Q.  Does the mandatory employee contribution apply to faculty and staff at the regional campuses?

A.  Yes.

Q.  How will the 3 Rs affect summer pay for academic-year appointed faculty and staff? 

A.  Both the University’s 10 percent contribution and the employee’s 4 percent mandatory contribution will apply to summer pay, just as they do to budgeted pay.   

Q.  How will the 3 Rs affect employees hired between now and January 2011?

A.  They will hire in under the current benefit structure and change to the mandatory contribution plan with everyone else in January 2011.  Positions currently requiring a three-year waiting period for participation will continue to have a three-year waiting period under the new structure.   

Q.  How will the 3 Rs affect employees who are currently in the three-year waiting period for participation?

A.   As these employees reach the end of their three-year waiting period, their pay will be adjusted, and the mandatory 4 percent employee contribution will begin when the University’s 10 percent contribution starts. 

Q.  What advantages does the 3 Rs approach provide?

A.  The Board of Trustees believes rebalancing is a key factor in repositioning Purdue for future competitiveness by putting Purdue’s pay and benefits more in line with our peer institutions. 
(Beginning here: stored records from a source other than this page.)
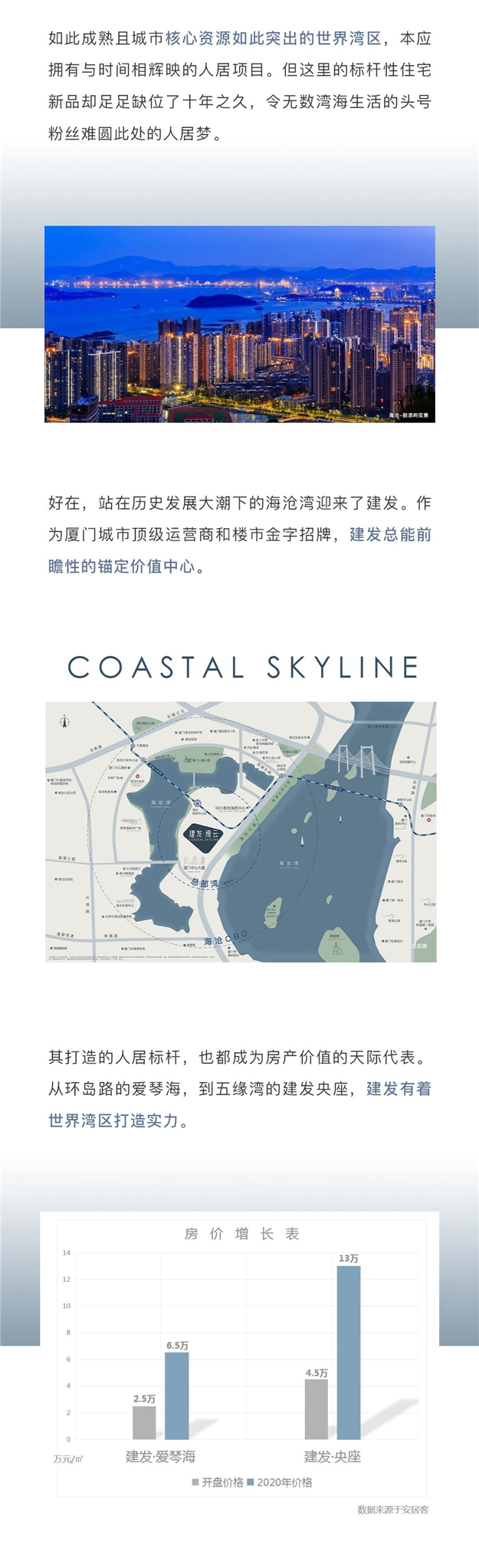 建发房产湾区2020压轴大作，究竟有多神？——九房网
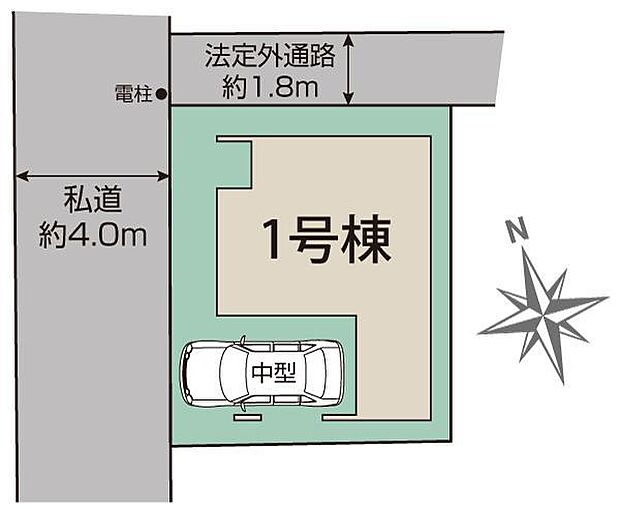 カースペースあり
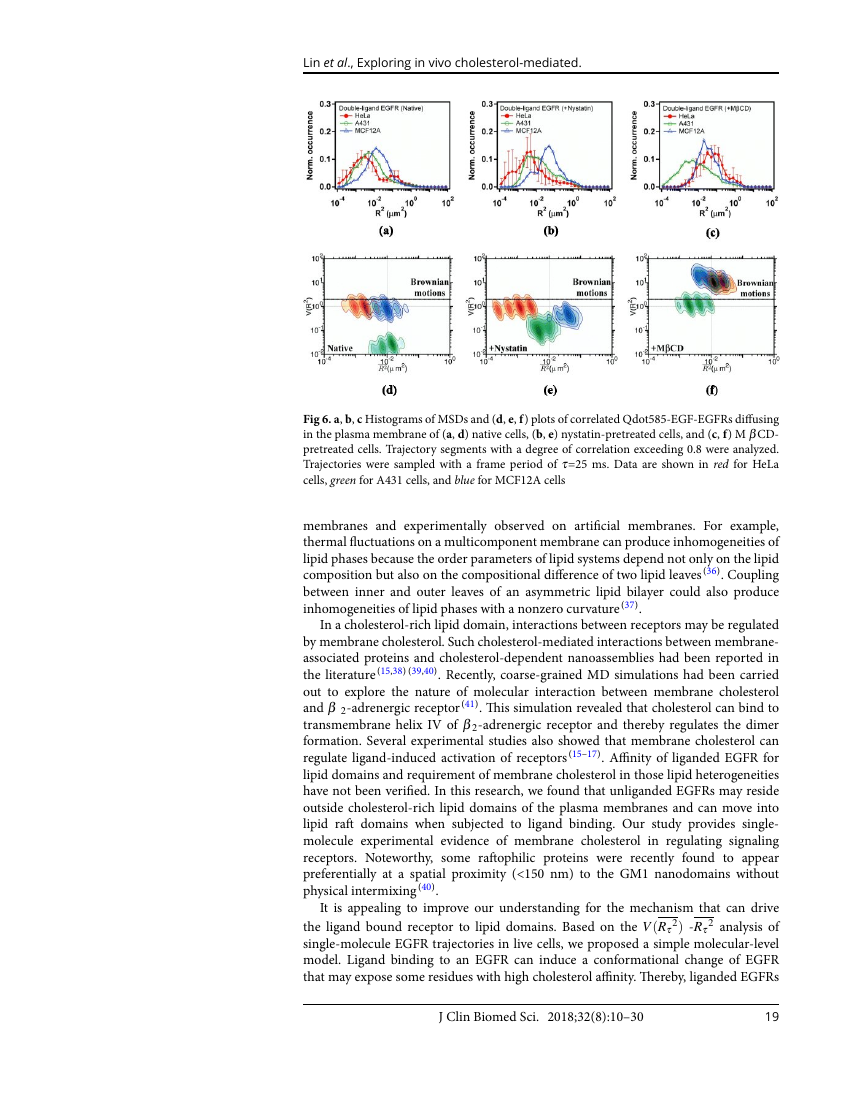 Journal of Clinical and Biomedical Sciences Template - Sciresol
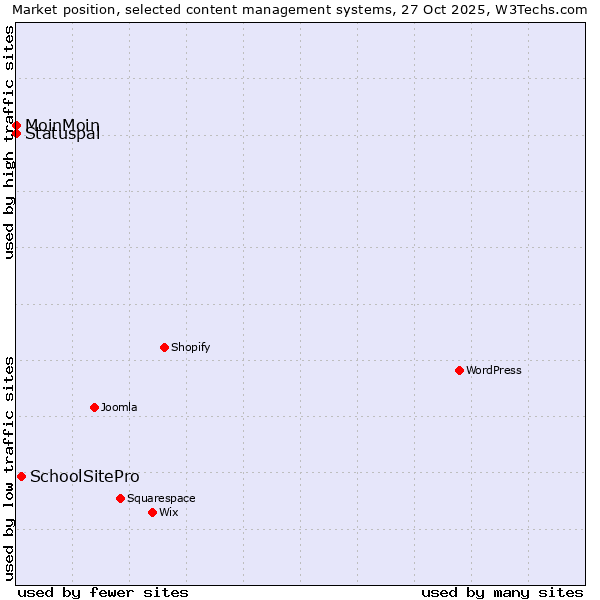Market position of SchoolSitePro vs. MoinMoin vs. Statuspal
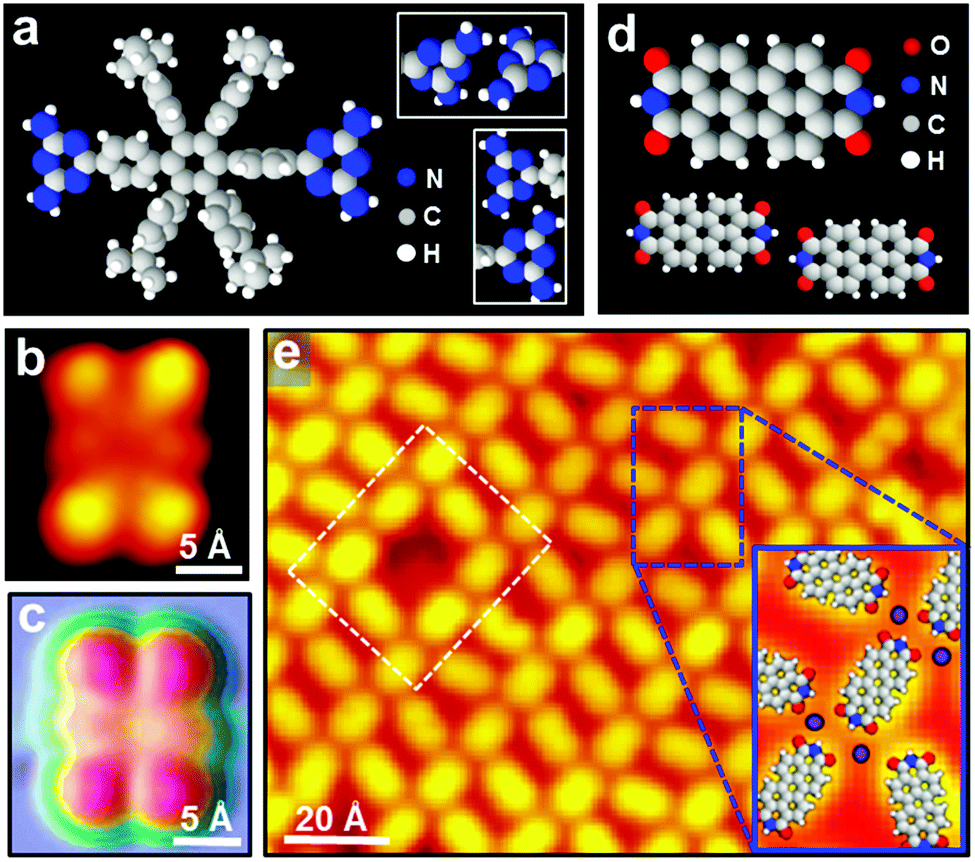 Three Dimensional Hydrogen Bonding Between Landers And Planar Molecules Facilitated By Electrostatic Interactions With Ni Adatoms Chemical Communications Rsc Publishing Doi 10 1039 C8cck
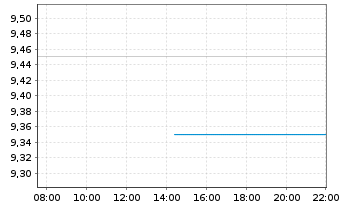 Chart Howden Joinery Group PLC - Intraday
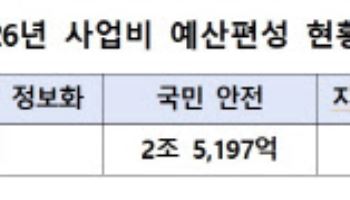 행안부 내년 예산 76조 편성…‘지역상품권’ 국비지원 1.1조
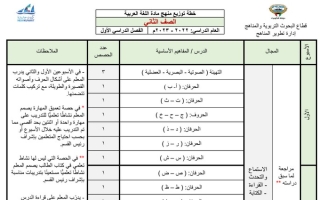 توزيع منهج عربي ثاني ابتدائي ف1 #2023-2024
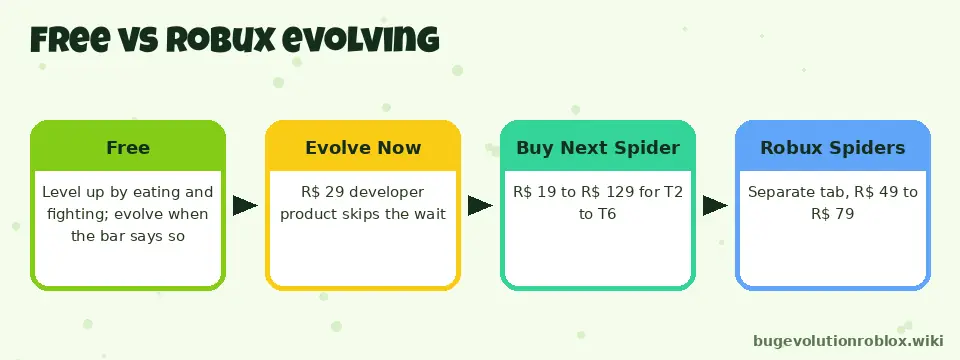 Comparison of evolving for free versus Evolve Now, Buy Next Spider and Robux Spiders products in Bug Evolution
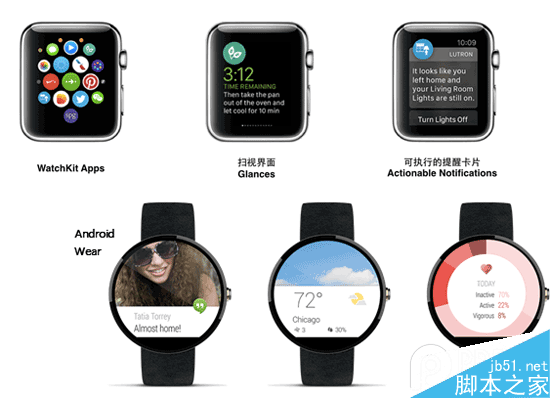 Apple Watch与Android Wear的交互设计哪个好？UI设计大比拼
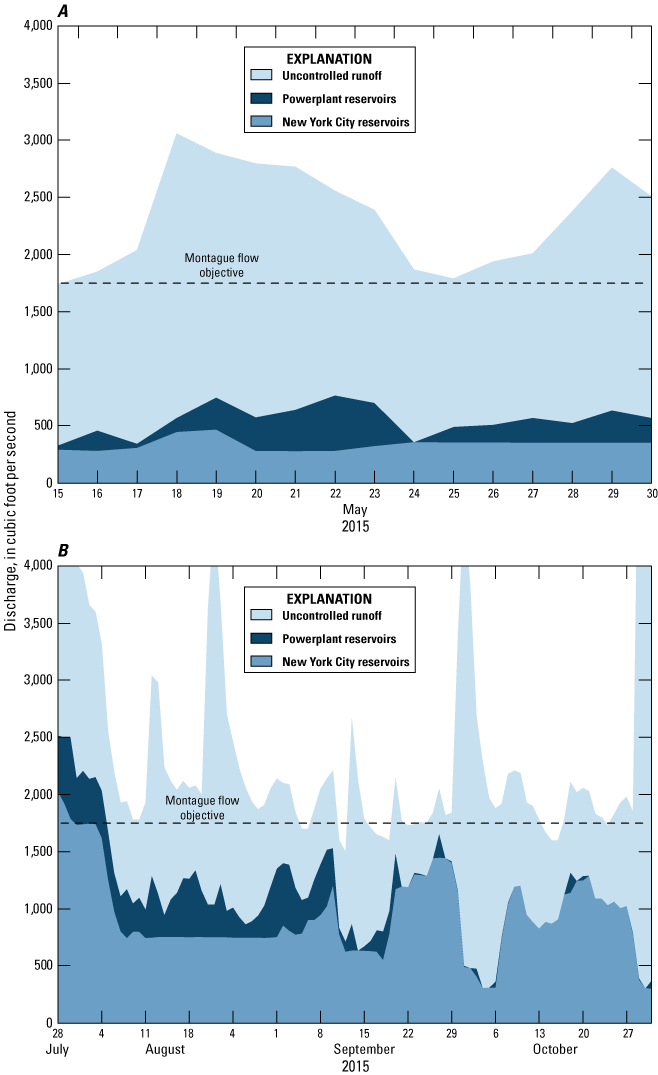The graph’s discharge quantities range is from 0 to 4,000 cubic feet per second.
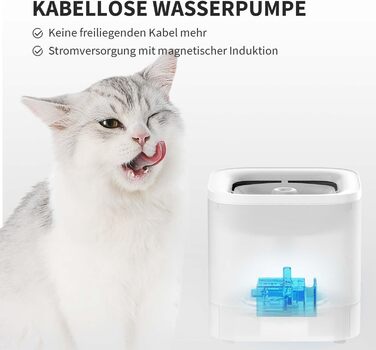 PETKIT CyberTail: Автоматичний фонтанчик для котів та собак, 1.85л, LED-підсвітка, тихий (25dB), білий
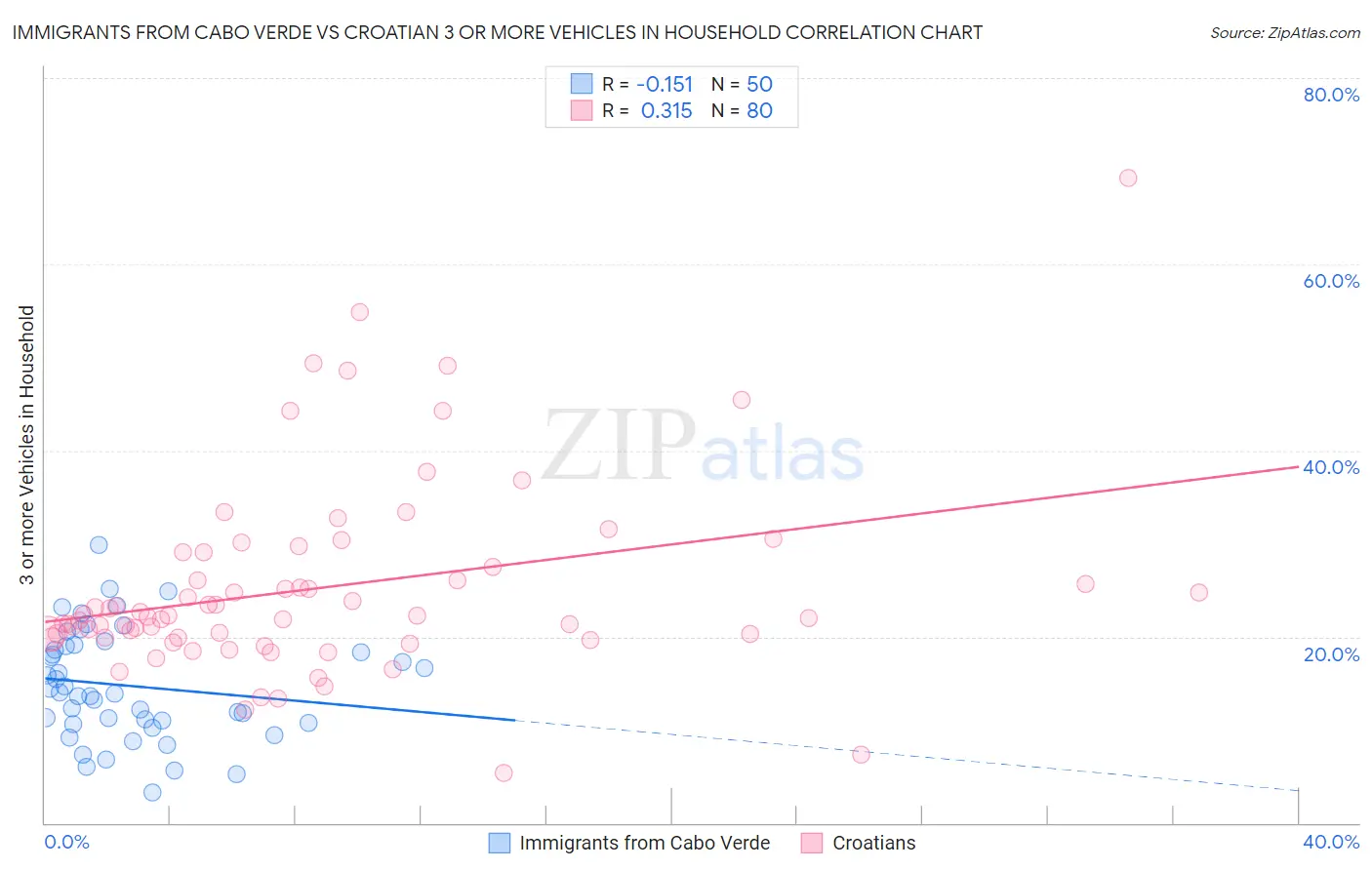 Immigrants from Cabo Verde vs Croatian 3 or more Vehicles in Household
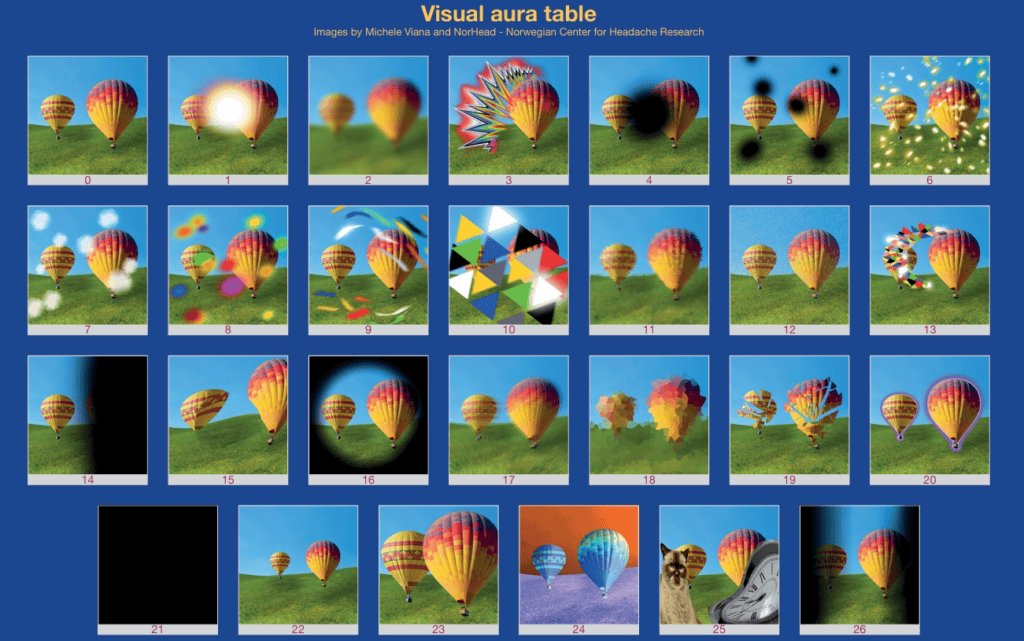 screenshot visual aura
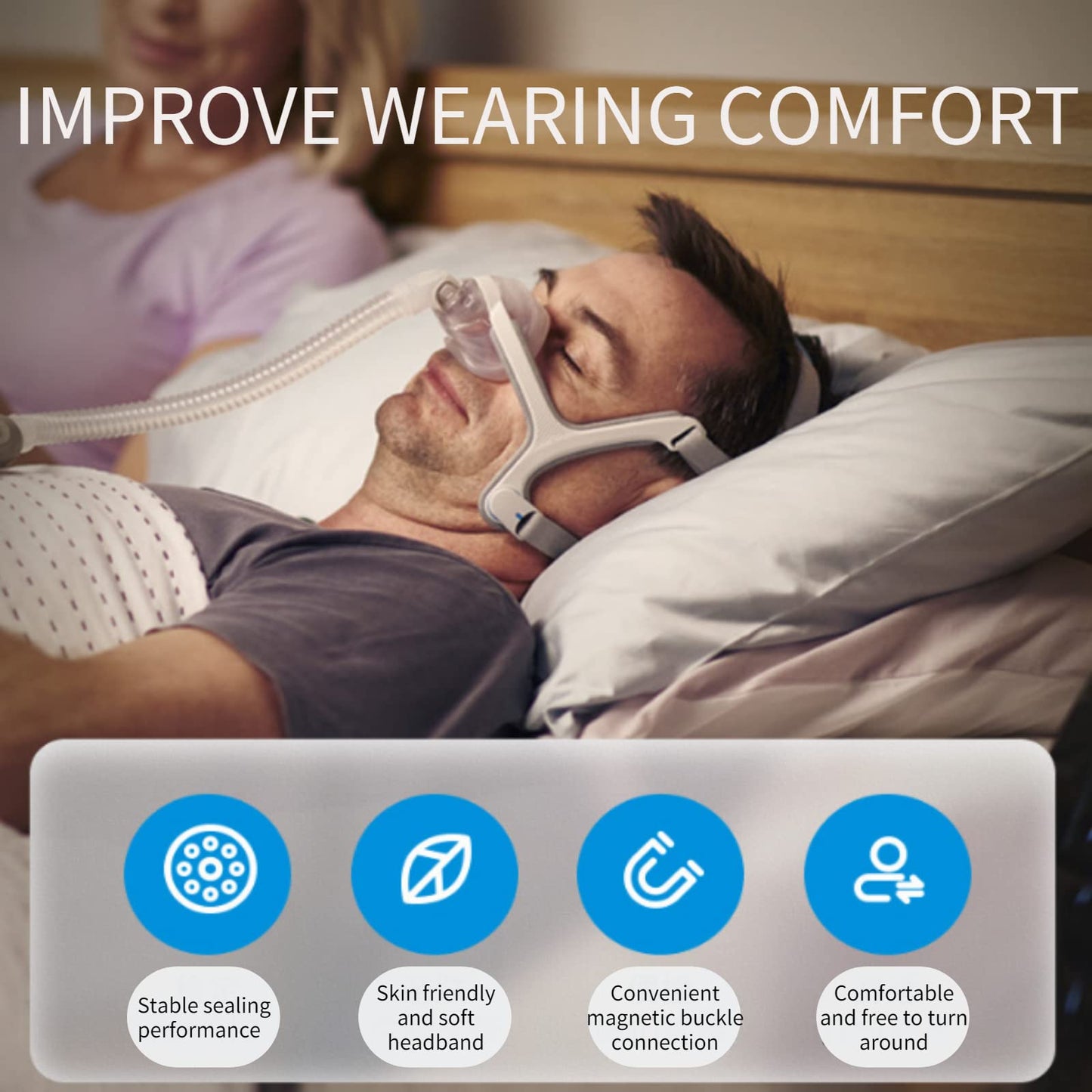 Nimisa Nasal CPAP Mask for Airfit N20, Full Cover Replacement Kit with Headgear, Frame, Tube and Cushion for N20, M Size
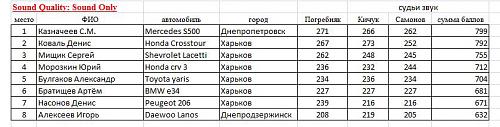     
: SQ.JPG
: 847
:	63.2 
ID:	51022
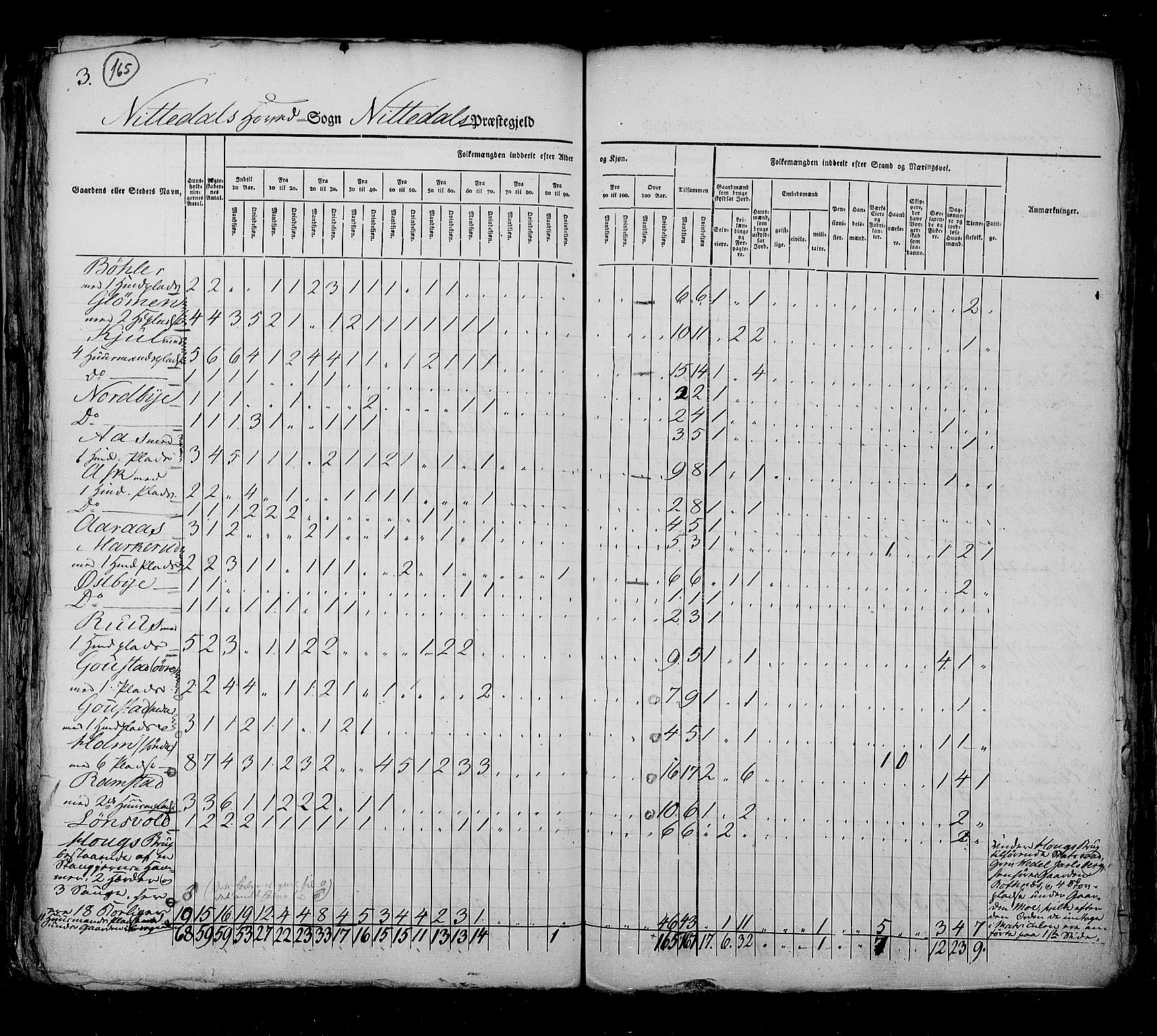 RA, Census 1825, vol. 4: Akershus amt, 1825, p. 165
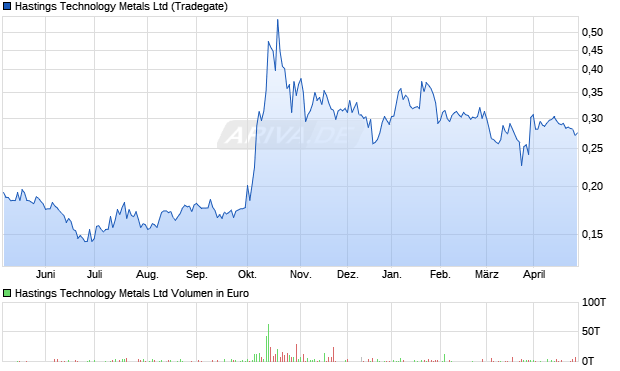 Hastings Technology Metals Aktie Chart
The 3 Rs approach to rebalancing meets the Board’s objective while keeping overall combined retirement saving at a more appropriate level for funding the employee’s future retirement years.  In addition, the required 4 percent employee contribution does not count toward voluntary retirement savings contribution limits, so employees who are at the maximum voluntary contribution will not be adversely affected. 

Q.  Have decisions been made about other benefit-related options? 

A.  No.  Discussions are continuing about the medical plans, benefits for part-time employees, and other topics.  These items are expected to be addressed at the May Board of Trustees meeting.